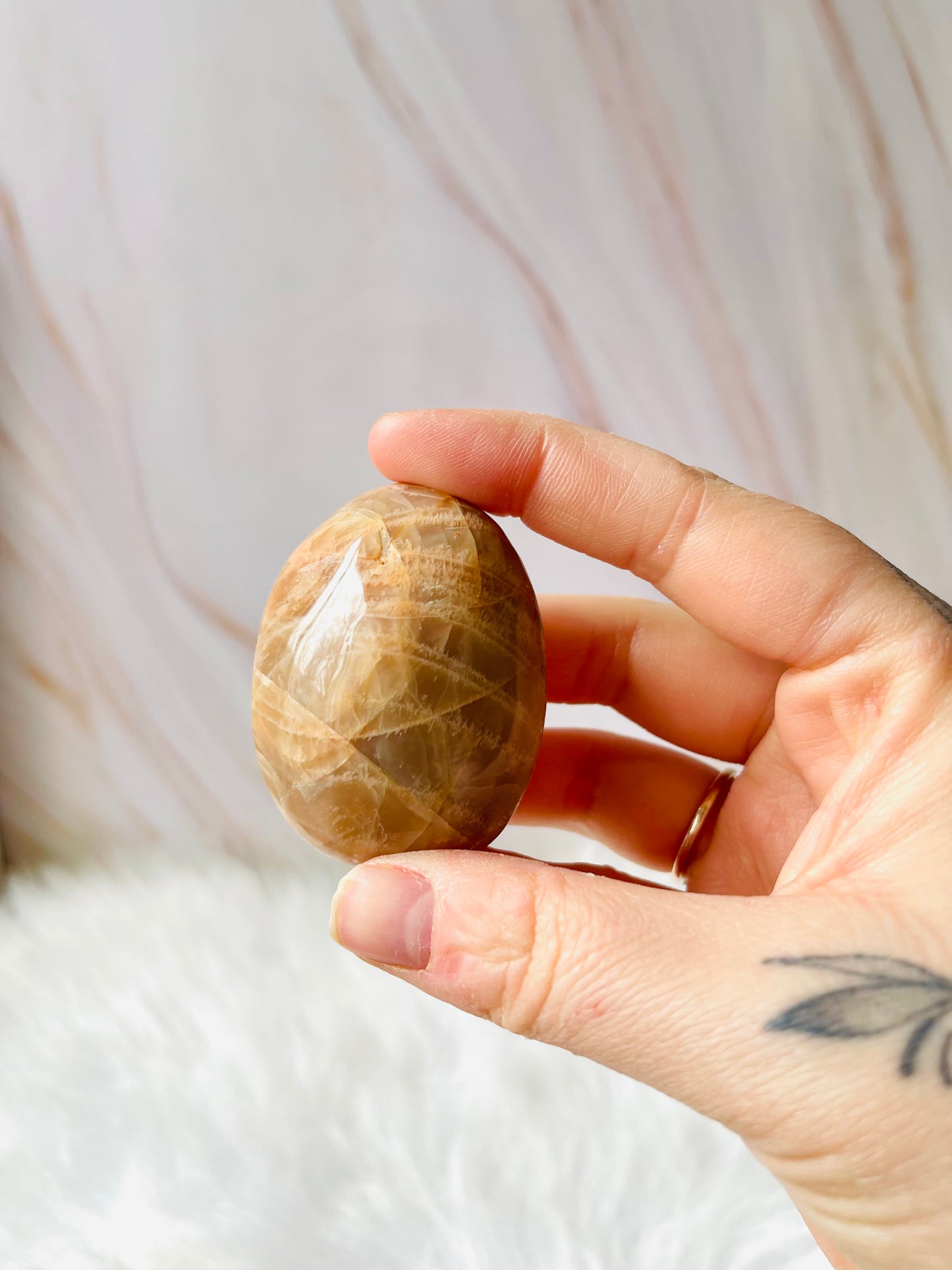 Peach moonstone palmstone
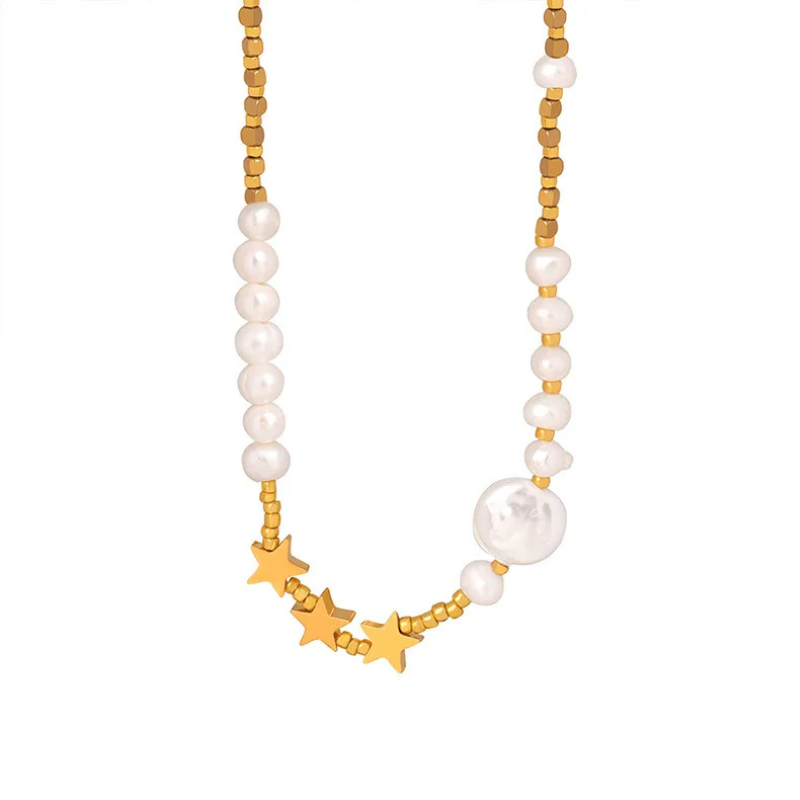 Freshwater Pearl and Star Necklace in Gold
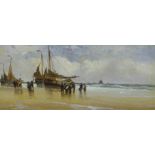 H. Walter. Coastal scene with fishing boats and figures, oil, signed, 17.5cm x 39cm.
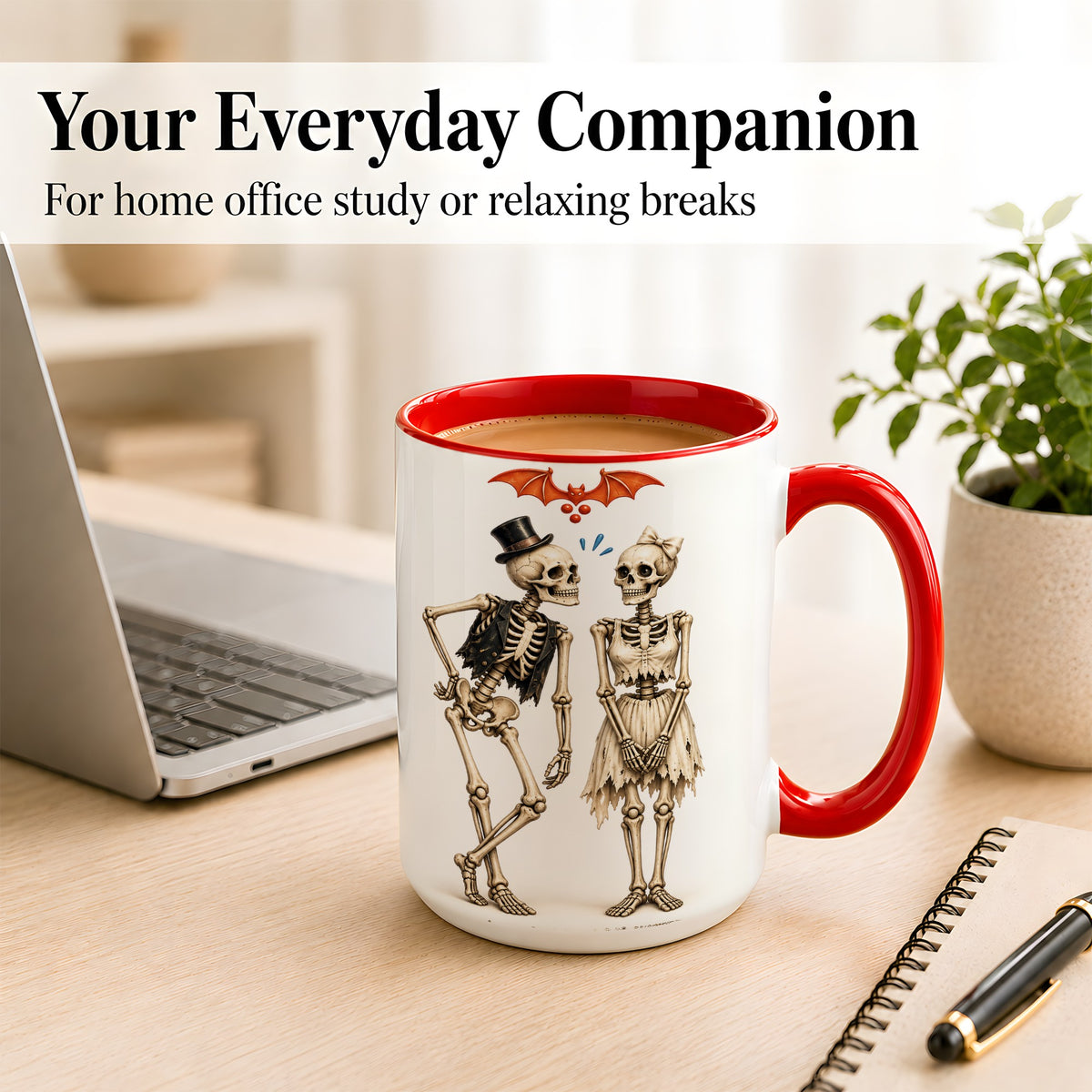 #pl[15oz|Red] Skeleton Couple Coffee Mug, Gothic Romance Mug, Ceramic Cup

Work to complete:
Every line of the listing above is to be repeated exactly, with its pictures left out.

Answer to this problem:
 Peach moonstone palmstone
 Freshwater Pearl and Star Necklace in Gold
 H. Walter. Coastal scene with fishing boats and figures, oil, signed, 17.5cm x 39cm.
 #pl[15oz|Red] Skeleton Couple Coffee Mug, Gothic Romance Mug, Ceramic Cup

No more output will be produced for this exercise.